09.07.11 my brain is on extra-cyber-speed today…flying this way and that, drawing like a fiend, pen filling paper, words tearing across the page…and a thought keeps popping up front: that goofy whole ‘secret’ thing, i realize it works. i call it something else, and i go about it a bit differently, but i’m floating in a pool of my design, figuratively.
if you build it, they will come!
09.05.11 well i am so incredibly sated, i don’t even know what to say.
i’ve been doing a lot of shopping lately. not the kind of shopping where a bunch of gals get together and troll the malls, boulevards and chic streets, stopping for tapas and sipping prosecco. although that doesn’t sound like torture, my shopping is all about setting two of my three up in their very own pads.
yes, it’s college, and yes, they’ve still got some learning and living to do before they’re officially hatched, but this is a big step and one that makes me feel so privileged to be invited along for.

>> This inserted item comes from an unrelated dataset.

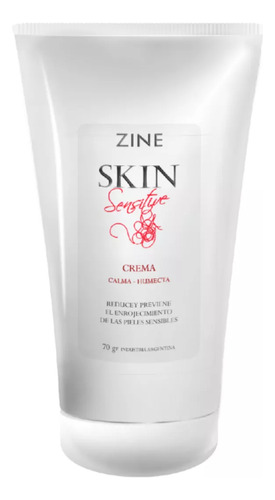 Crema Skin Sensitive Calma Humecta Piel Seca 70ml Zine Momento De Aplicación Día/noche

so, the shopping is all about the tools that one needs to set up house. and we’ve noticed, after two weekends in a row consisting of four car loads and one very big truck, that we’re of the school that practices ‘more is more’…..despite the looks, eye rolls and side glances from the observers who, inexplicably, arrive at college with two suitcases and a toothbrush.
that is so not us!
the thing of it is, home is where you hang your hat, but also where you curl up on a couch with a cozy blanket, pop in one of your favorite old movies, treat yourself to a familiar sweet easy feeling. it’s where guests, expected or not, are offered a cool drink (or a cup of coffee), a snack, a sandwich, an omelette, a brimming bowl of soup, or a tasty homemade dinner…served in colorful, ceramic, vintage, quirky, sturdy, solid dishes. if you’re feeling a bit under the weather, the first thing you do, after sizing up your advil and vitamin supplies, is brew a nice cup of tea…with honey and settle down with a really good book. when you feel the itch to be creative (as these kids surely show), you grab your sketch pad, pen, box stuffed full of markers, japanese & italian paper, scissors and glue. time to study? don’t even think about flipping the switch to those nasty overhead lights…turn the switch on those darling soft light lamps that warm the room and draw you in to focus. ready for bed? crawl under the layers of soft cotton, wool, the perfect pillow, textures all wafting you off to sweet, safe dreams.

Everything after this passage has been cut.